In [1]:
import pandas as pd
import xarray as xr
import numpy as np
import zarr
import gcsfs
import dask
import dask.array
import matplotlib
import matplotlib.pyplot as plt
from matplotlib import animation
import cv2 as cv
from skimage import metrics
from IPython.display import HTML

In [14]:
# Override is_retriable.  Google Cloud sometimes throws
# a HttpError code 400.  gcsfs considers this to not be retriable.
# But it is retriable!

def is_retriable(exception):
    """Returns True if this exception is retriable."""
    errs = list(range(500, 505)) + [
        # Jack's addition.  Google Cloud occasionally throws Bad Requests for no apparent reason.
        400,
        # Request Timeout
        408,
        # Too Many Requests
        429,
    ]
    errs += [str(e) for e in errs]
    if isinstance(exception, gcsfs.utils.HttpError):
        return exception.code in errs

    return isinstance(exception, gcsfs.utils.RETRIABLE_EXCEPTIONS)

gcsfs.utils.is_retriable = is_retriable

In [15]:
assert gcsfs.utils.is_retriable(gcsfs.utils.HttpError({'code': 400}))

In [2]:
ZARR = 'solar-pv-nowcasting-data/satellite/EUMETSAT/SEVIRI_RSS/OSGB36/all_zarr_int16'
gcs = gcsfs.GCSFileSystem()
store = gcsfs.GCSMap(root=ZARR, gcs=gcs)

In [6]:
gcs.retries = 20

In [3]:
%%time
dataset = xr.open_zarr(store, consolidated=True)

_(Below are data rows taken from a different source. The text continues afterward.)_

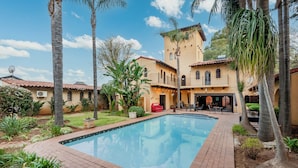 A pool area with a brick patio, palm trees, and a building with a tiled roof and arched windows. - Airport Tower Lodge (Kempton Park)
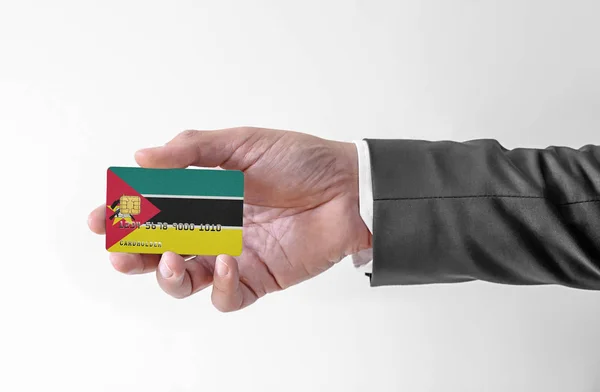 Bankovní kreditní plastová karta s vlajkou Mosambiku držení muž v elegantním obleku — Stock fotografie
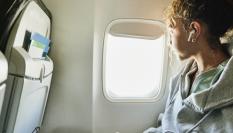 Mujer mirando por la ventanilla en el avión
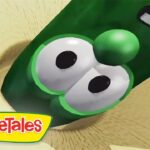 Close-up of a green cucumber cartoon head with big eyes from VeggieTales, with the VeggieTales logo in the corner.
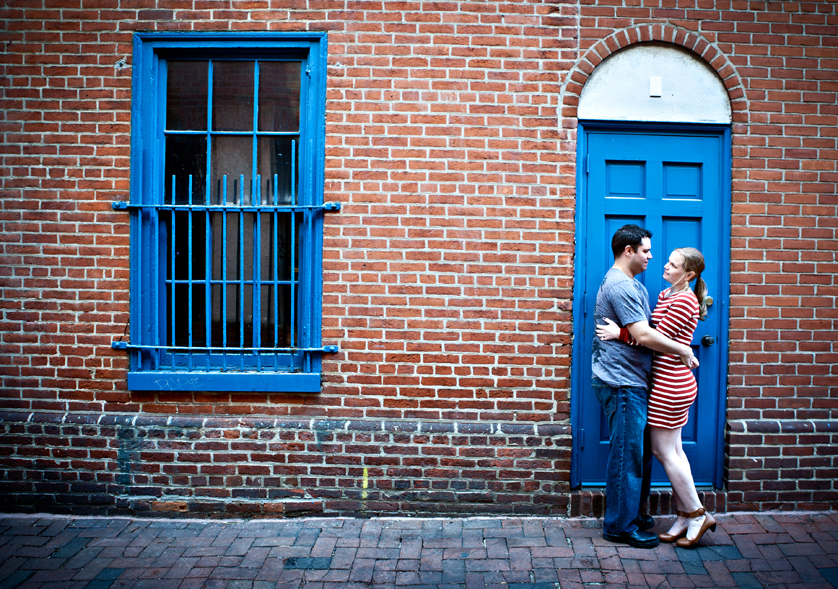 Urban engagement photo of couple in front of bright blue door and brick wall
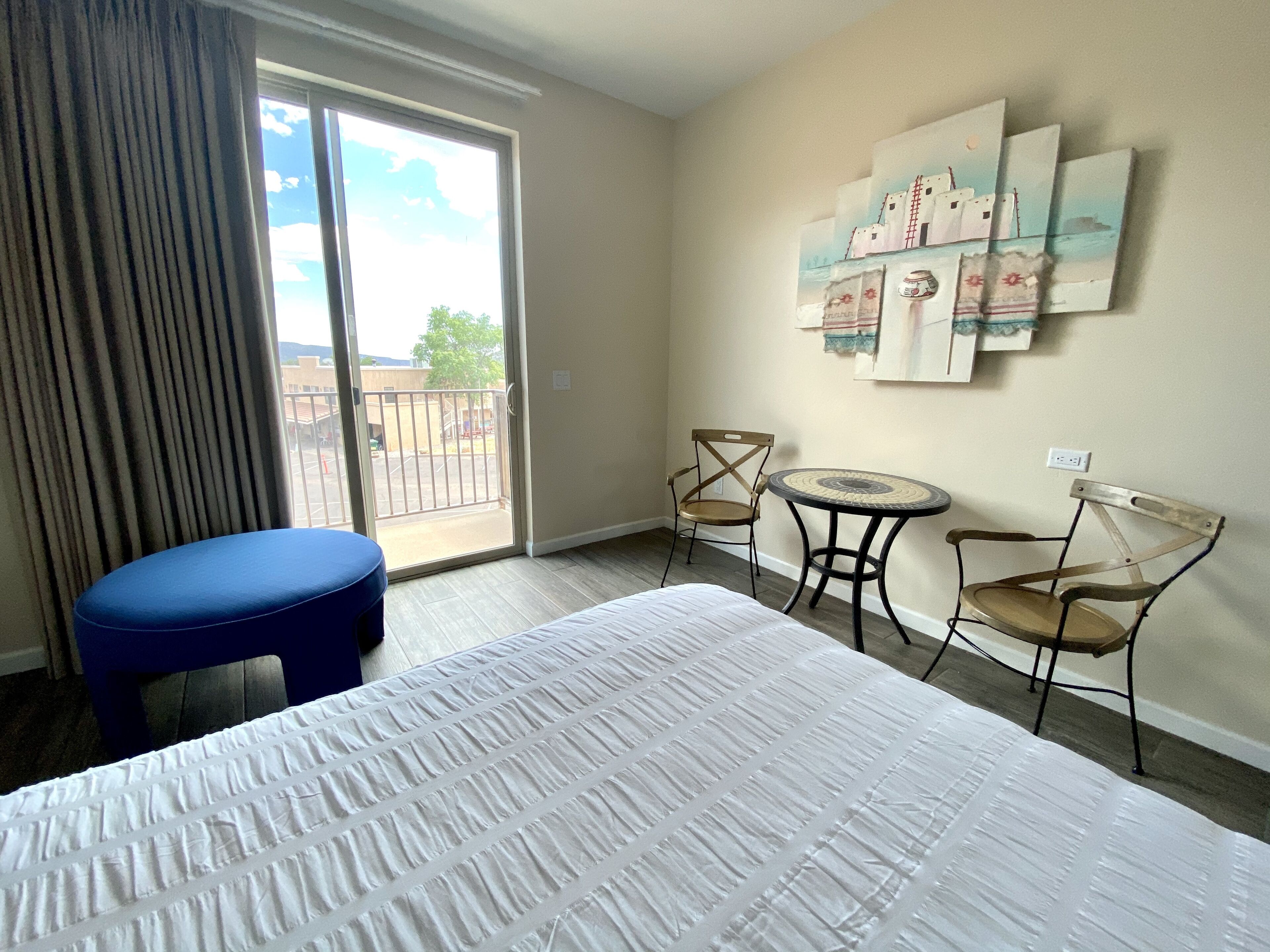 Habitación de hotel con cama, un taburete azul, dos sillas, una mesita redonda y un balcón con vistas al exterior.
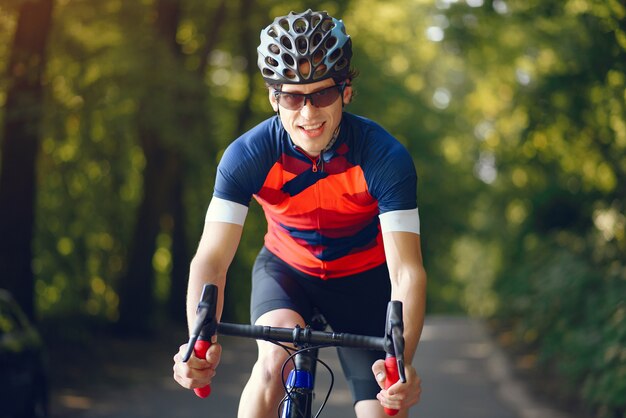 Sport uomo in sella a bici nella foresta di estate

CPU times: user 5.56 s, sys: 435 ms, total: 6 s
Wall time: 3min 17s


In [4]:
source_array = dataset['stacked_eumetsat_data']

In [8]:
source_array = source_array.astype(np.float32).where(source_array != -1, np.NaN)

In [10]:
%%time
source_array.mean(dim=['time', 'x', 'y']).compute()

In [11]:
%%time
source_array.std(dim=['time', 'x', 'y']).compute()

CPU times: user 4h 34min 35s, sys: 1h 34min 27s, total: 6h 9min 2s
Wall time: 1h 9min 2s


In [16]:
%%time
source_array.max(dim=['time', 'x', 'y']).compute()

CPU times: user 1h 52min 10s, sys: 24min 33s, total: 2h 16min 43s
Wall time: 41min 17s


In [17]:
%%time
source_array.min(dim=['time', 'x', 'y']).compute()

CPU times: user 1h 52min 17s, sys: 24min 12s, total: 2h 16min 29s
Wall time: 40min 55s